With communication often limited to correspondence between solicitors, there is scope for a relationship to deteriorate during the divorce process where issues cannot be decided upon amicably.
Many couples are not aware of the options open to them when it comes to settling disagreements in divorce or separation. A range of alternative dispute resolution processes exist and using them often means that a couple can avoid court entirely.
Negotiation, guided by an expert family lawyer, can help you understand what you might realistically expect from a divorce settlement. It is a good way of at least starting to reach agreement on certain issues and finding out where the sticking points are that may need other forms of intervention. It can involve meetings between both parties and their solicitors as well as correspondence.
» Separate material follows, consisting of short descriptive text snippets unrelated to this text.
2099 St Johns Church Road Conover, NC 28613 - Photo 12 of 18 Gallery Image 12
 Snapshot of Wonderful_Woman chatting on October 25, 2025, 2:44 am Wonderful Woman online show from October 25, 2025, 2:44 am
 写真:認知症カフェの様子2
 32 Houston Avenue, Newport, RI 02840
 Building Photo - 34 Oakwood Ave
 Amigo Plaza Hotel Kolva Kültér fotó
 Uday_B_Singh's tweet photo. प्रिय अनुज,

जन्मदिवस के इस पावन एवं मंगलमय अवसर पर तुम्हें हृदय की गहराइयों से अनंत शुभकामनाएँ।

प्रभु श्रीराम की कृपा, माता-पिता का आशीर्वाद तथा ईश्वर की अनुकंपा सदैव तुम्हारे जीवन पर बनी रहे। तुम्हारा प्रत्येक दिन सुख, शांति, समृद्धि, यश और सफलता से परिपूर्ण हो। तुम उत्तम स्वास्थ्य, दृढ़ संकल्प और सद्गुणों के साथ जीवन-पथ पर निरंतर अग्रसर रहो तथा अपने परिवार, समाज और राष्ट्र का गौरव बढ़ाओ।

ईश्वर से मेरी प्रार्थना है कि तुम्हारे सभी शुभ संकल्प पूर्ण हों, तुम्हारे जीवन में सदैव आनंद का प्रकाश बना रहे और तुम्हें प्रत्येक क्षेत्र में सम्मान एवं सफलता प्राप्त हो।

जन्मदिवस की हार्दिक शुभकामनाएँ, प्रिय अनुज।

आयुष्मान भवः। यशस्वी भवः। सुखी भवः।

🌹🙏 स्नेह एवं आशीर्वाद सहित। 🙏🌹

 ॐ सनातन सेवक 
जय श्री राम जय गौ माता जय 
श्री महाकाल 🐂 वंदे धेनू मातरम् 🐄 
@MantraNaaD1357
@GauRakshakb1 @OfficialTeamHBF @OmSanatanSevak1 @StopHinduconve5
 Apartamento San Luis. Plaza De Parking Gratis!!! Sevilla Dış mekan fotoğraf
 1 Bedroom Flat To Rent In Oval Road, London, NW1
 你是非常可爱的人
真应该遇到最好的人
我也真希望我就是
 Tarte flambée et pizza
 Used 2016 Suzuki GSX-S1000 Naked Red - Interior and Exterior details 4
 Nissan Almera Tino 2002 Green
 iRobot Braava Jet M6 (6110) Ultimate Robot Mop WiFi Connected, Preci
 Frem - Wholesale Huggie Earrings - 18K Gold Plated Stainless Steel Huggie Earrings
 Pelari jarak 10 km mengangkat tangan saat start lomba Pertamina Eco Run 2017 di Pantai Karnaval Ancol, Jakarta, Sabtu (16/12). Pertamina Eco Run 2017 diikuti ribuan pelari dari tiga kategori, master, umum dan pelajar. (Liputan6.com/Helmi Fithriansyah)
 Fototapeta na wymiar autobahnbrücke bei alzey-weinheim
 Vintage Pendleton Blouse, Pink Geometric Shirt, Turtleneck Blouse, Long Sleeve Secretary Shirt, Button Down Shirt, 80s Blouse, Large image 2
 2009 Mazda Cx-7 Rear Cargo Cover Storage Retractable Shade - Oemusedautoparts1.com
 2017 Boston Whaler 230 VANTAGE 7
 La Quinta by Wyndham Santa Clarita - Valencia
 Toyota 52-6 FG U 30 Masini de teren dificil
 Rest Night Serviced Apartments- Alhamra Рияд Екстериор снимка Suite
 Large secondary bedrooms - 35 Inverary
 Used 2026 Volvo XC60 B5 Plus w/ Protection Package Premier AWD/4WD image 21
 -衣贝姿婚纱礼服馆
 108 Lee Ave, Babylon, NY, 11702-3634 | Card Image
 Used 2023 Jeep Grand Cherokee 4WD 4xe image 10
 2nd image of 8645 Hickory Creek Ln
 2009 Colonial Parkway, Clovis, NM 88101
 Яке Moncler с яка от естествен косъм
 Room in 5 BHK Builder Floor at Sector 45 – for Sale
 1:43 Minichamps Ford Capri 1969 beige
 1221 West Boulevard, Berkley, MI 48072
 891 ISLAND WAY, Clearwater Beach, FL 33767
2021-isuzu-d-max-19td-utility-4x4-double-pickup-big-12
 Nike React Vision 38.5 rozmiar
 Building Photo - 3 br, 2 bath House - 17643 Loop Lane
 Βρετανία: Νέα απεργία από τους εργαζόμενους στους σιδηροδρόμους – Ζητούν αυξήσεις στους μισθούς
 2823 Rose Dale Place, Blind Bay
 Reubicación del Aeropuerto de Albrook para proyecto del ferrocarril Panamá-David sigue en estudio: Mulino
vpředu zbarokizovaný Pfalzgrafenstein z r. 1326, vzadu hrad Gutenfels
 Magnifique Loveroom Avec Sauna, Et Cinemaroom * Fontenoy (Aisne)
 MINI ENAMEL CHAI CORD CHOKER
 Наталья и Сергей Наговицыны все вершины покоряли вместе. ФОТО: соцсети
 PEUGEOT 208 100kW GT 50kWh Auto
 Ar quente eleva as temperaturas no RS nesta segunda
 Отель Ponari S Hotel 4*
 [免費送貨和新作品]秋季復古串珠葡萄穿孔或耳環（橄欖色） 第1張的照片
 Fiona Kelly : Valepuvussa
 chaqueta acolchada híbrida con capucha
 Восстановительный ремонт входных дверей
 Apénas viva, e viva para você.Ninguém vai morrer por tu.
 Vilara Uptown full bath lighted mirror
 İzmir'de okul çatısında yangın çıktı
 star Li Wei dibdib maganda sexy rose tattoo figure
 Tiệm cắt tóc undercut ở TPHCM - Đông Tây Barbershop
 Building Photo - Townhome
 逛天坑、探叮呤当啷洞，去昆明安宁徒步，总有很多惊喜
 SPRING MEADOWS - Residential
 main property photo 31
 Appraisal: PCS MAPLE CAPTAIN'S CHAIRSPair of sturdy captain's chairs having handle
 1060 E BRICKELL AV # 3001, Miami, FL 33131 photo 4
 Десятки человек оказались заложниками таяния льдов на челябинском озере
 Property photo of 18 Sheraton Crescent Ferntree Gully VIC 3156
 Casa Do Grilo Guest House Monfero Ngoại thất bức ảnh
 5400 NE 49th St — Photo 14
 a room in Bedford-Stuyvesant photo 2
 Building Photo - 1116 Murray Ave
Mediation is a popular way of resolving difficulties in divorce arrangements, for both financial matters and issues relating to children. In fact, it is a requirement of the courts that mediation is at least considered before legal proceedings are issued.
The parties will sit down with a neutral mediator who will help them understand their options and explore whether there are areas of agreement. A decision can be reached between the parties, but the mediator will not impose a result on them. The process is generally faster and more cost-effective than litigation and can help the parties maintain a more amicable relationship.
Arbitration is similar to mediation, but the arbitrator can impose a binding decision on the parties, which they will be required to abide by. You can ask an arbitrator to make a ruling on all aspects of your divorce or on a single issue.
In the collaborative law process, each party will instruct a trained collaborative lawyer and the four individuals will sit down together to try and resolve matters. The lawyers will work to try and find an acceptable agreement. If the negotiations break down, the parties agree not to use their collaborative lawyer in future proceedings.
The benefits of alternative dispute resolution
Alternative dispute resolution is almost always quicker than court proceedings and often cheaper. It has proved particularly useful while courts are facing a backlog and it also avoids the risk of a hearing being called off at the last minute at great expense.
It can avoid the risk of having a result imposed on you that you did not want. It can also help the parties to work together to find an acceptable solution. This is particularly valuable when there are children involved and the parties will continue to have contact and will need to communicate and agree on issues in the future as part of their joint parenting.